Em declarações aos jornalistas, o ministro da Administração Interna explicou que ao reunir-se esta comissão interministerial é dado “o primeiro passo para a implementação da Estratégia Integrada de Segurança Urbana”, aprovada recentemente pelo Governo e que tem como eixo estrutural os Contratos Locais de Segurança.

“Esta comissão interministerial tem poderes de supervisão, quer na avaliação dos riscos e ameaças em termos locais, mas também na supervisão no que respeita à implementação e monitorização dos seus resultados”, disse José Luís Carneiro, precisando que, “sempre que se detetam obstáculos à execução das políticas, esta comissão tem poderes de decisão tendo em vista capacitar ou contribuir para responder às necessidades diagnosticadas no terreno, seja de natureza social ou de natureza operacional policial”.

Segundo o MAI, atualmente estão em vigor 34 Contratos Locais de Segurança, que visam a redução da delinquência juvenil e das vulnerabilidades sociais, a eliminação dos fatores de criminalidade e à promoção da cidadania, da igualdade e da não discriminação, além de funcionarem como instrumentos de cooperação institucional entre a administração central e as autarquias locais, com as comunidades locais e entidades privadas.

“O que pretendemos é ter níveis mais exigentes de avaliação no que respeita ao diagnóstico e às respostas.
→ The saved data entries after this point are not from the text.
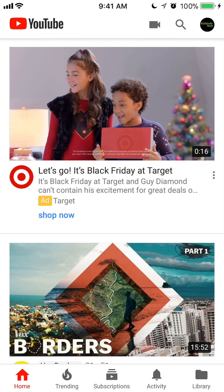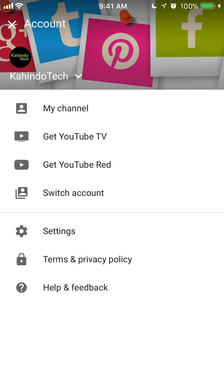Now, to disable restricted mode, if you look at the upper right corner, next to the magnifier is my profile picture. Go ahead and tap on that and this will take you to your profile. Once you are there, you will see where it says Settings — go ahead and tap on that.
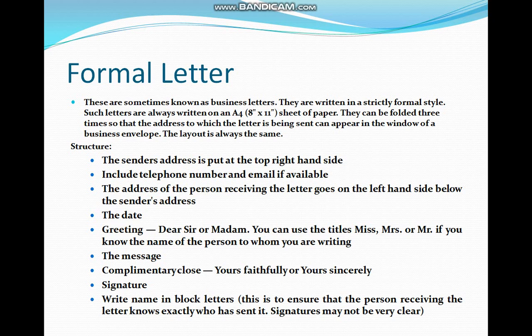Formal letter structure: the sender's address is put at the top right-hand side. Include telephone number and email if available. The address of the person receiving the letter goes on the left-hand side below the sender's address. Date. Greeting: Dear Sir or Ma'am. You can use the title Miss, Mrs., or Mr. if you know the name of the person to whom you are writing.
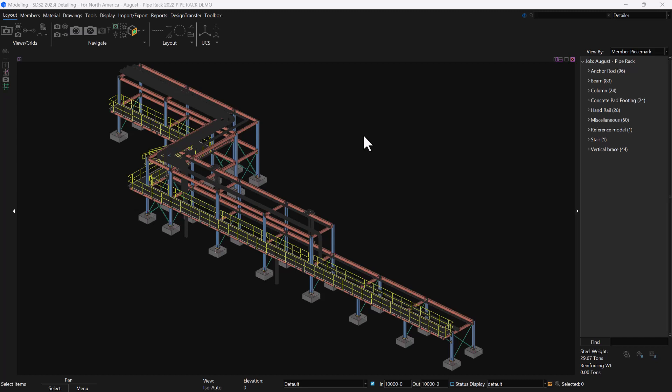Sometimes you get some funky ones that have a little bit of weird geometry or not a lot of repetition, but a lot of times when I had the experience of detailing pipe racks there's a lot of repetition in there, pretty easy things to detail, and SDS2 is going to be really great for that type of project.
Temos no país 34 CLS e há necessidade de garantir a eficácia na resposta” e dar “continuidade de resposta de políticas públicas, ou seja, temos de garantir que os CLS perduraram para além daquela que seja a vontade de quem está num determinado Governo”, frisou.

José Luís Carneiro afirmou também que esta comissão de coordenação dos CLS ter “a capacidade de supervisão no que respeita ao diagnóstico e à resposta de políticas públicas”.

O policiamento de proximidade é uma das apostas da EISU, estando por isso previsto neste documento estratégico, segundo o governante, um reforço do número de operações policiais, nomeadamente um aumento de 10%.

O ministro disse ainda que o objetivo do Governo é alargar o número o atual número de CLS a outros territórios e comunidades locais.

Os primeiros Contratos Locais de Segurança surgiram em 2008 e, posteriormente em 2016, foi criada uma nova geração de CLS.

A Estratégia Integrada de Segurança Urbana visa a prevenção de fenómenos de violência, seja em contexto escolar, desportivo, de diversão noturna ou de caráter juvenil ou grupal, e define linhas de ação para proteção dos cidadãos mais vulneráveis e de proteção do espaço público.